This is a book that I remember being interested in when I would see in on the shelf at the OSU bookstore when I worked there and hadn't yet made up my mind to pursue teaching high school. It's funny, but I was a little scared of it. I was taking something of a "hiatus" from college teaching and I was afraid that if I looked inside this book I was discover that I had been teaching all WRONG or something. Or that there were magical things that had to be done as a teacher that I had failed to do. Even now, I approach this book with a little bit of anxiety, since the word "art," to me implies skill and beauty and aptitude, which I have to confess I don't always feel that I have in the classroom!

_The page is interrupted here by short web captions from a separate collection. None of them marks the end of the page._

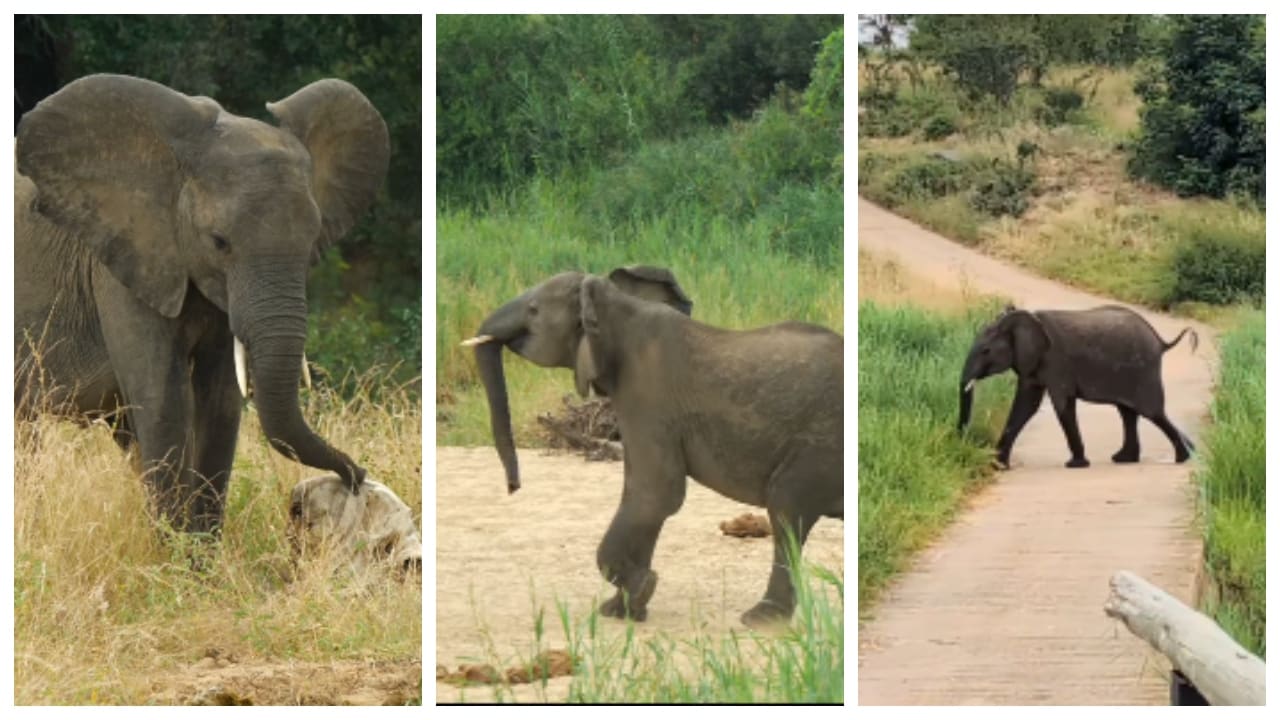 Viral video Elephants reaction after knowing skull of another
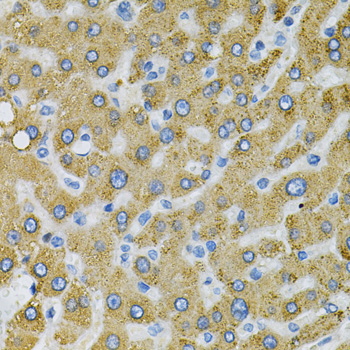 Anti-SDC4 Antibody (CAB1834)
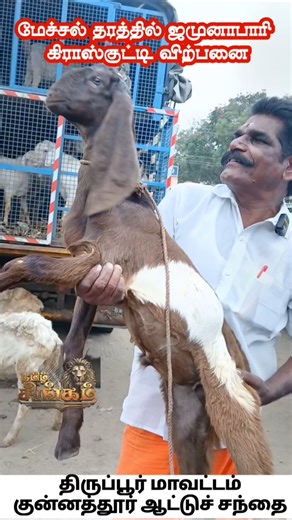 மேச்சல்தரத்தில் ஜமுனாபாரி குட்டி விற்பனை #shortsfeed #குன்னத்தூர்சந்தையில் #viral #treanding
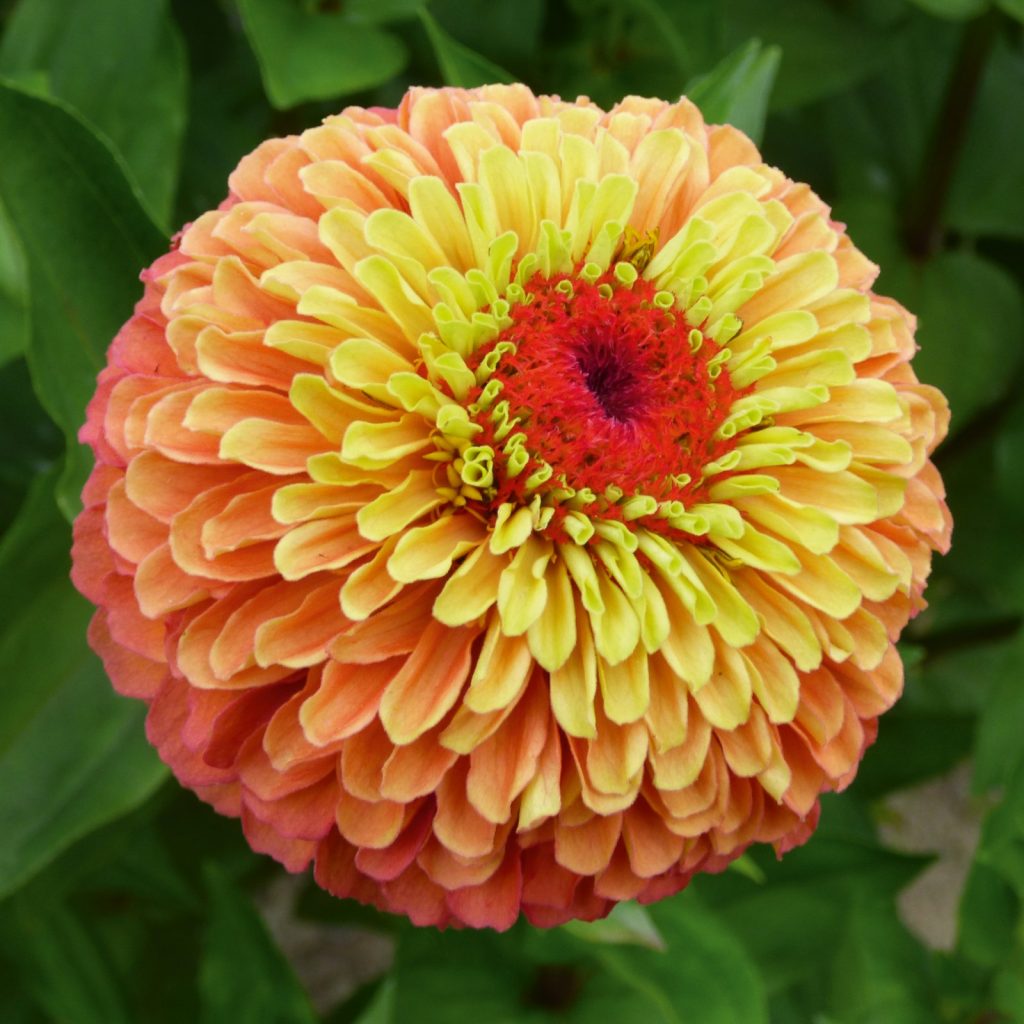 This Longevity Gene Keeps Plants Alive After Flowering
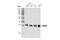 Methyl-CpG Binding Domain Protein 3 antibody, 99169S, Cell Signaling Technology, Western Blot image 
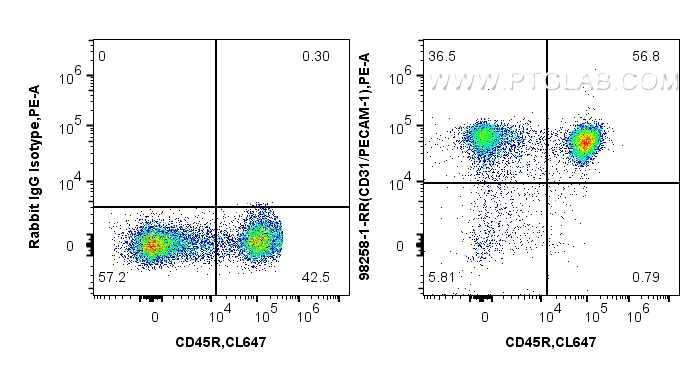 Flow cytometry (FC) experiment of mouse splenocytes using Anti-Mouse CD31 Rabbit Recombinant Antibody (98258-1-RR)
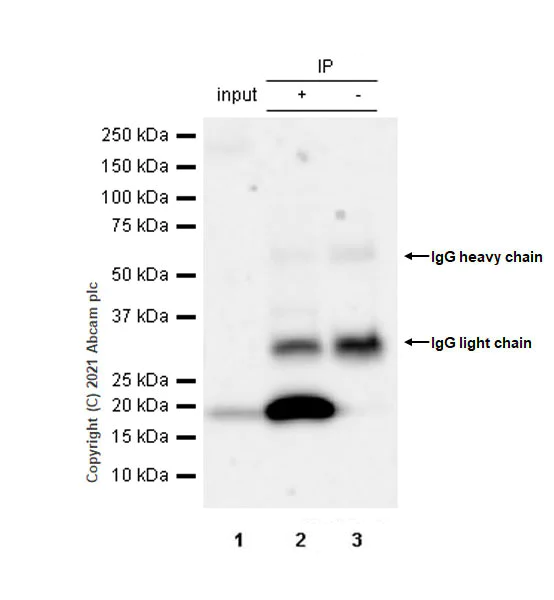 Immunoprecipitation - Anti-BFL-1/GRS antibody [EPR24587-176] - BSA and Azide free (AB287162)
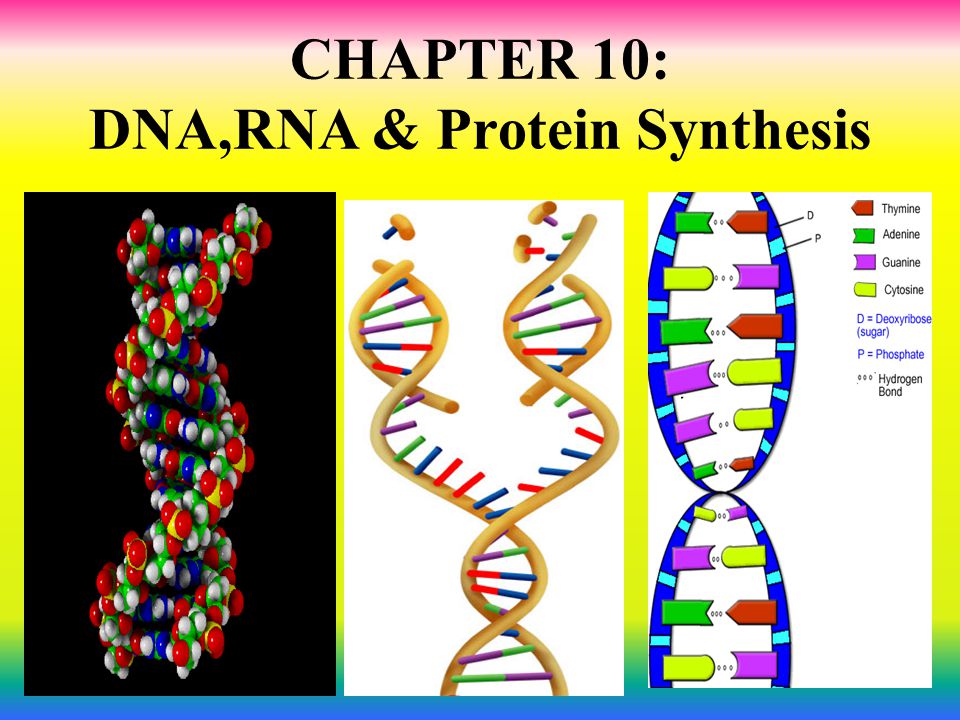 CHAPTER 10: DNA,RNA & Protein Synthesis.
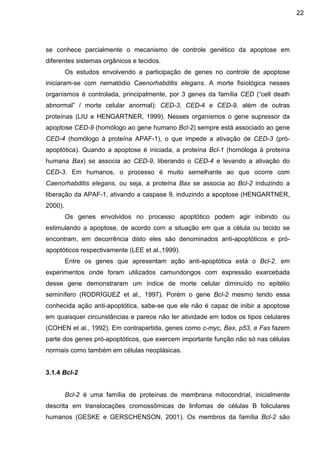 22

se conhece parcialmente o mecanismo de controle genético da apoptose em
diferentes sistemas orgânicos e tecidos.
Os estudos envolvendo a participação de genes no controle de apoptose
iniciaram-se com nematódio Caenorhabditis elegans. A morte fisiológica nesses
organismos é controlada, principalmente, por 3 genes da família CED (“cell death
abnormal” / morte celular anormal): CED-3, CED-4 e CED-9, além de outras
proteínas (LIU e HENGARTNER, 1999). Nesses organismos o gene supressor da
apoptose CED-9 (homólogo ao gene humano Bcl-2) sempre está associado ao gene
CED-4 (homólogo à proteína APAF-1), o que impede a ativação de CED-3 (próapoptótica). Quando a apoptose é iniciada, a proteína Bcl-1 (homóloga à proteína
humana Bax) se associa ao CED-9, liberando o CED-4 e levando a ativação do
CED-3. Em humanos, o processo é muito semelhante ao que ocorre com
Caenorhabditis elegans, ou seja, a proteína Bax se associa ao Bcl-2 induzindo a
liberação da APAF-1, ativando a caspase 9, induzindo a apoptose (HENGARTNER,
2000).
Os genes envolvidos no processo apoptótico podem agir inibindo ou
estimulando a apoptose, de acordo com a situação em que a célula ou tecido se
encontram, em decorrência disto eles são denominados anti-apoptóticos e próapoptóticos respectivamente (LEE et al.,1999).
Entre os genes que apresentam ação anti-apoptótica está o Bcl-2, em
experimentos onde foram utilizados camundongos com expressão exarcebada
desse gene demonstraram um índice de morte celular diminuído no epitélio
seminífero (RODRÍGUEZ et al., 1997). Porém o gene Bcl-2 mesmo tendo essa
conhecida ação anti-apoptótica, sabe-se que ele não é capaz de inibir a apoptose
em quaisquer circunstâncias e parece não ter atividade em todos os tipos celulares
(COHEN et al., 1992). Em contrapartida, genes como c-myc, Bax, p53, e Fas fazem
parte dos genes pró-apoptóticos, que exercem importante função não só nas células
normais como também em células neoplásicas.

3.1.4 Bcl-2

Bcl-2 é uma família de proteínas de membrana mitocondrial, inicialmente
descrita em translocações cromossômicas de linfomas de células B foliculares
humanos (GESKE e GERSCHENSON, 2001). Os membros da família Bcl-2 são

 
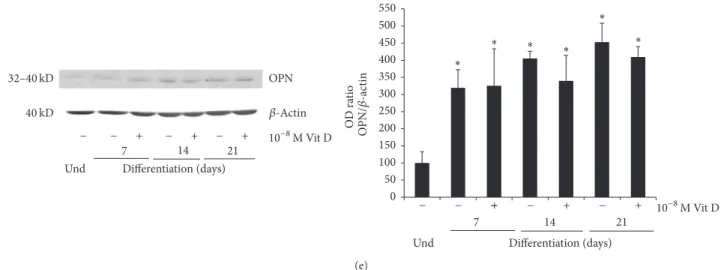 Figure 2: Protein expression. Immunoblots showing the trend expression of RUNX2 (a), Coll I (b), Pro-Coll I (c), BSP (d), and OPN (e) during the osteogenic differentiation process (0–21 days) of DBSCs cultured in osteogenic medium with vehicle (−) and 1,25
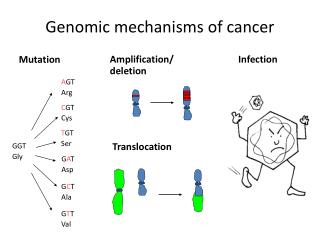 Genomic mechanisms of cancer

Interestingly, right off the bat, Parini discusses a bit of this performance anxiety that I have felt as a teacher and that I felt even in approaching this book. He writes about how wonderful it is that in the profession of teaching there is always a new beginning, every September. It is somewhat ironic he notes, that the end of the plant life cycle is the beginning of our our academic one. He discusses the excitement but also the trepidation that comes with being both a student and a teacher at this time of the year. For a child, it means new clothes, new supplies and new teachers. It is a chance to reinvent yourself. I remember personally how each fall of grade school, I would look back at my last year's self and think, "oh, what a geek I was in grade 7. I won't be that un-cool THIS year in gr. 8." And the cycle would repeat year after year. (I have long since become resigned to my permanently semi-geeky status and if anything, have embraced it! ha ha.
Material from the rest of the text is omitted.